# Lucid Dreaming > Attaining Lucidity > Dream Signs and Recall >  >  Dream recall

## Mate122

problem is,i cant remember anything from my dreams.is there a way to fix this.
dont tell me to have dream journal.what would i write in it when i cant
remember anything.

----------


## JPDreeamnz

Hey mate it isn't broken hahaha (sorry, i have a problem with jokes - -')
You found here a "Don't remember my dreams" friend and i'm having great improvements on dream recall in the past month  ::D: 

i've "fixed" it with MILD, i know that mnemonic technique is used to induce your awareness and question of reality, but my dream recall was just as bad as my face a month ago  ::disconcerted:: 

I started saying to me on my weaking life "You will start to remember your dreams, i will start to remember my dreams". In the beginning, of course, i didn't remember nothing but past 1 week i remembered my first dream in ages. now is improving and improving to the point that i can remember having more than one dream in a night and i'm recalling at least one dream every night.
The are people on the forum who recall 4-6 dream in a night, for me is a control to archieve but i already been lucid with my actual recall so i got that goin' for me, which is nice!
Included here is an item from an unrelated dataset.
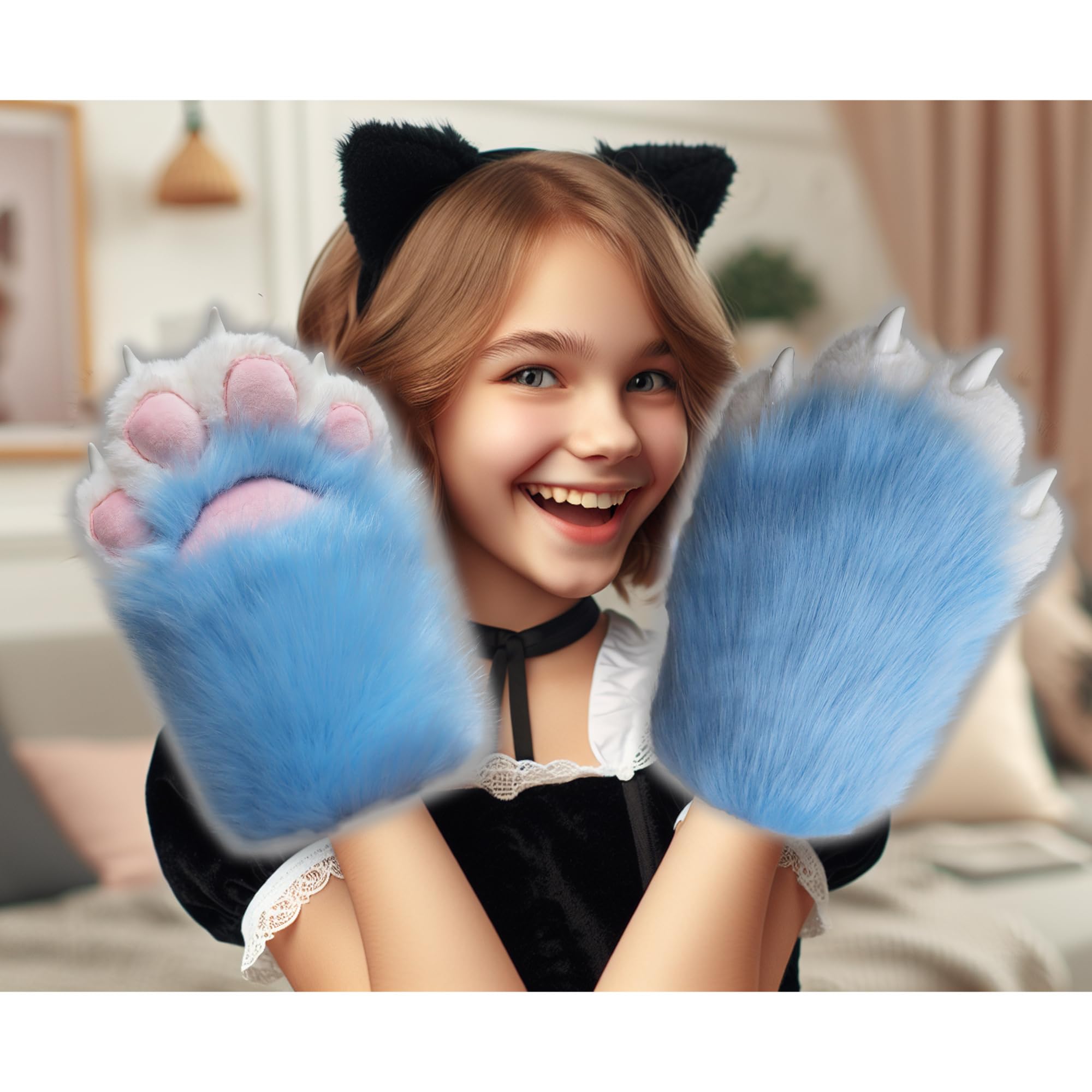 Blue Therian Paws Comfy Furry Paws Faux Fur Fursuit Paws, Fluffy Therian Stuff Therian Gear Therian Clothes - Image 4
Edit: Before sleep you'll need to say/think that too, maybe more than on weaking life. Instead on counting sheeps, count dreams to recall hahaha

Ahh, and don't forget to keep the journal because on the morning you remember your "first dream" you'll have to record it and keep reading your past dreams to bring closure to your dream world.
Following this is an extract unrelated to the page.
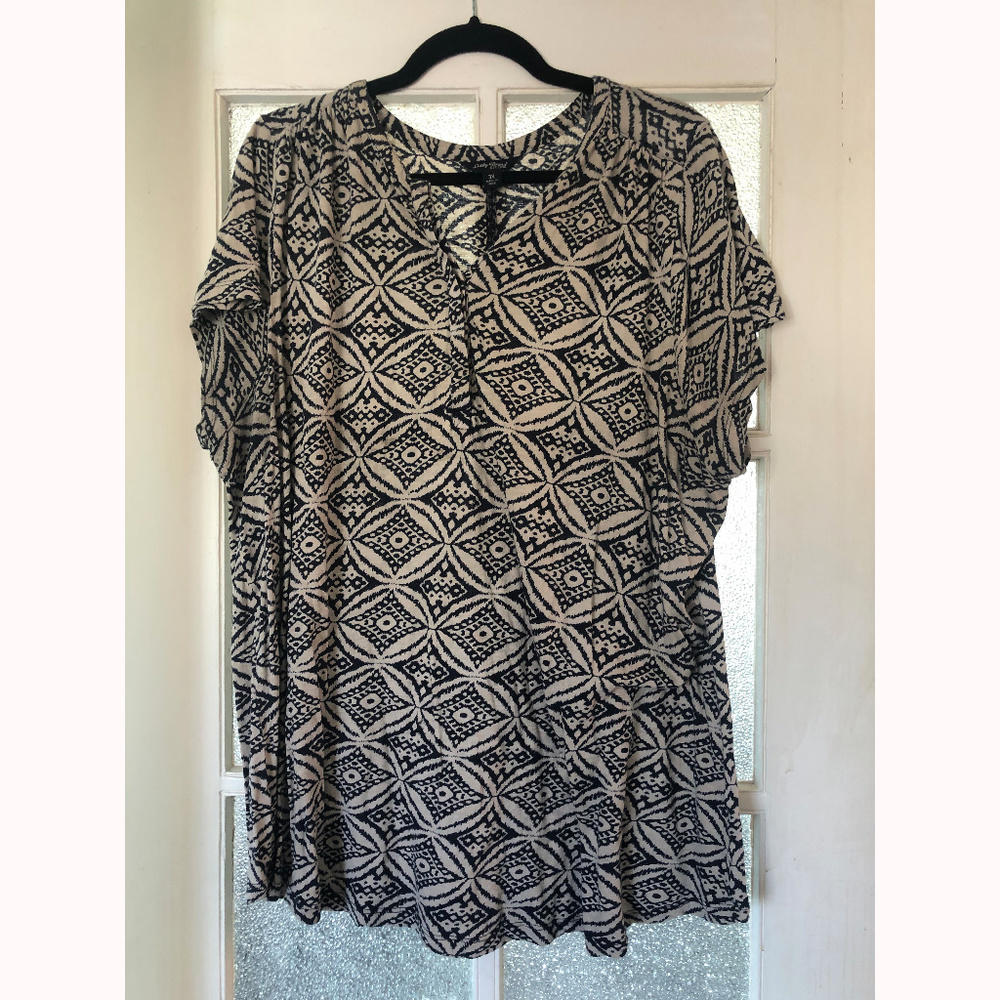 Lucky Brand Medallion Batik Print Tunic Top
i hope it will help you, remember that results come with patience and effort.

Sweet Dreams  :;-):

----------


## Icyice

I find that implementing WBTBs and waking up naturally greatly help recall, if you find that of any help.

Naturally, also try to wake during REM sleep, though I think that's a given.  :smiley:

----------


## priceleecushing

How about a digital voice recorder? It is faster than writing, and you can try to recall as much as possible while you're starting to forget. This helped me, when writing down dreams wasn't working for me.

----------